Beginning at the line that holds "Cadenas Intelligent à", repeat every line through the last line of the material, exactly, and drop any pictures.

**Input data**
************

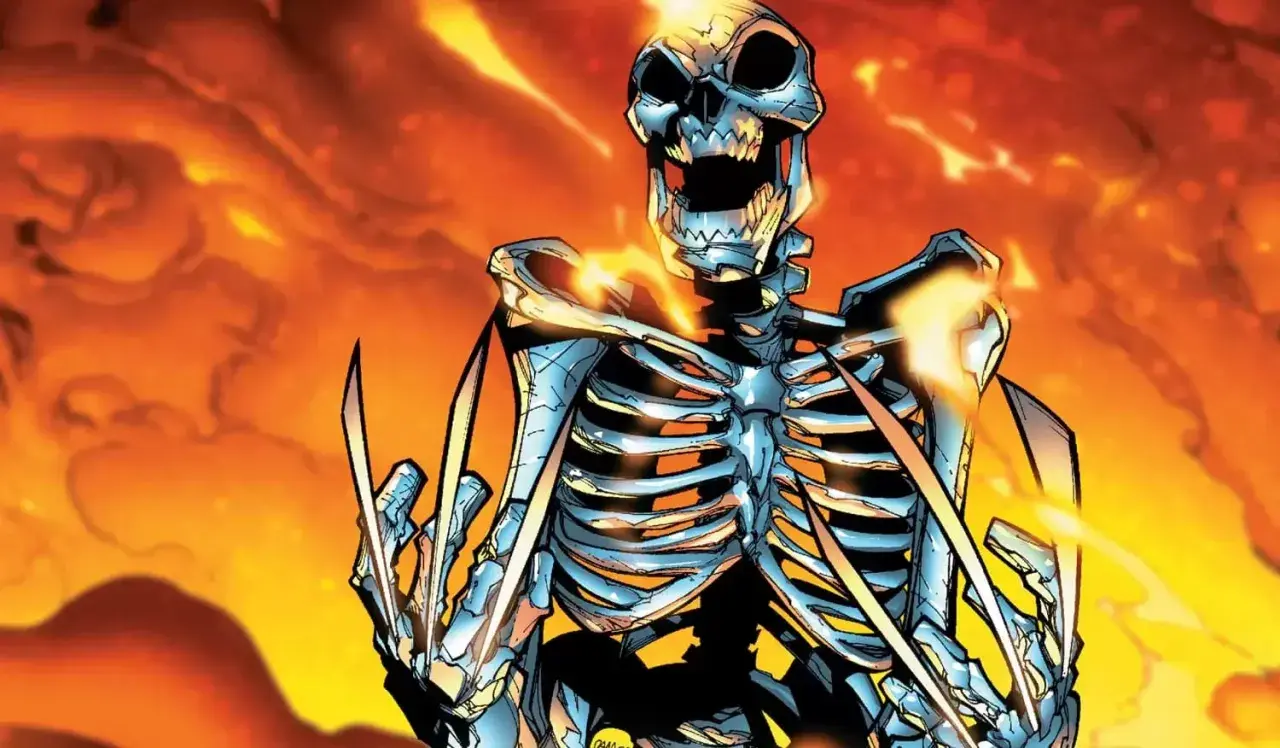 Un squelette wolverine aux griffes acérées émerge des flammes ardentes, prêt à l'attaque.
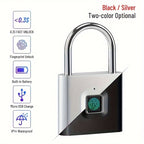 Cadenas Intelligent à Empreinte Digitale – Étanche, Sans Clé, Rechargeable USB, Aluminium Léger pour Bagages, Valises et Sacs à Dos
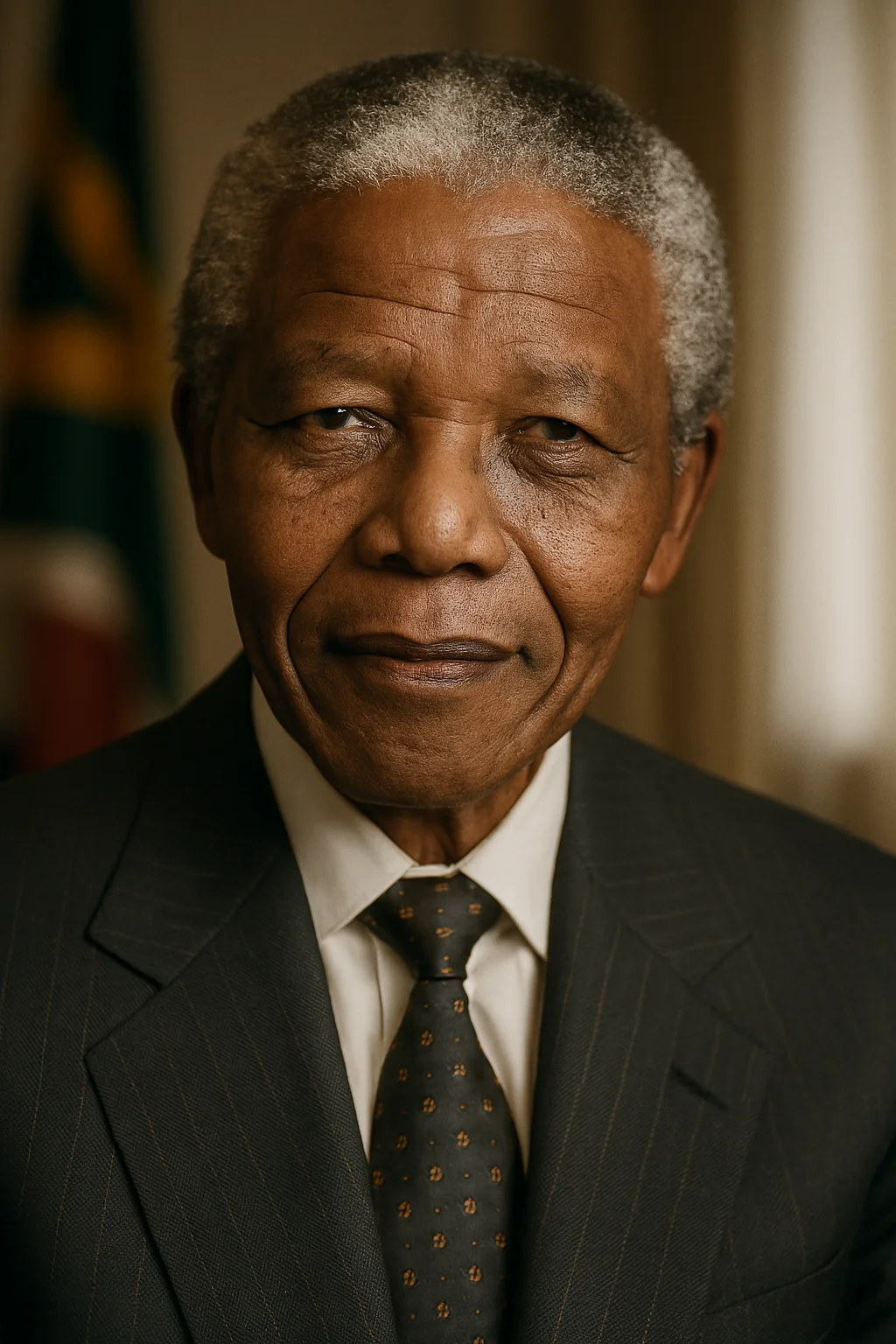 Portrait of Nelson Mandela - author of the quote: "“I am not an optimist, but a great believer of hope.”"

************

**Worked solution**
 Cadenas Intelligent à Empreinte Digitale – Étanche, Sans Clé, Rechargeable USB, Aluminium Léger pour Bagages, Valises et Sacs à Dos
 Portrait of Nelson Mandela - author of the quote: "“I am not an optimist, but a great believer of hope.”"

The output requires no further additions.